Декабрьский вечер был сухой и злой, с тем колючим ветром, который в Москве выметает с площади между башнями всех, кому некуда деться. Внизу, у тротуара, стояла машина с заглушённым мотором и тёплым светом в салоне.
Не «Бентли». «Бентли» он бережёт для тех, на кого хочет произвести впечатление, — я уже знаю про него и это. Мне он прислал обычный чёрный седан с водителем, потому что меня, по его расчёту, впечатлять не нужно: я тихий толковый разработчик, которого он перекупает. Он точен. Он почти всегда точен.
Это нас с ним роднит. И это его погубит.
Водитель вышел, обошёл машину, открыл мне заднюю дверь.

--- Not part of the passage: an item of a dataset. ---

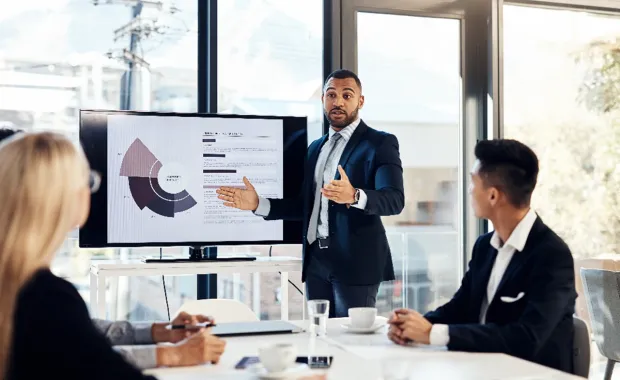 Consultant presenting service management analytics dashboard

На меня пахнуло теплом, кожей салона, чужим дорогим воздухом — воздухом его мира, в который я десять лет прокладывала себе вход.
Я постояла секунду на холоде. Один вдох. Последний на этой стороне.
И сделала то, к чему шла десять лет.
Я села в машину человека, который убил моего отца.
И пристегнулась.
Потому что я аккуратная.
Это у меня от папы.
Глава 3. Я бы запомнила
Машина шла через ночной город минут двадцать, и все двадцать я смотрела в окно.
Не на город — на себя в отражении поверх города. Огни летели мимо, дробились в стекле, ложились на моё спокойное лицо в очках, и я проверяла это лицо, как перед экзаменом проверяют, не забыл ли чего. Ровное. Тихое. Никакое. Лицо человека, которого везут на собеседование, а не лицо человека, которого десять лет везли к этой минуте все её прожитые дни.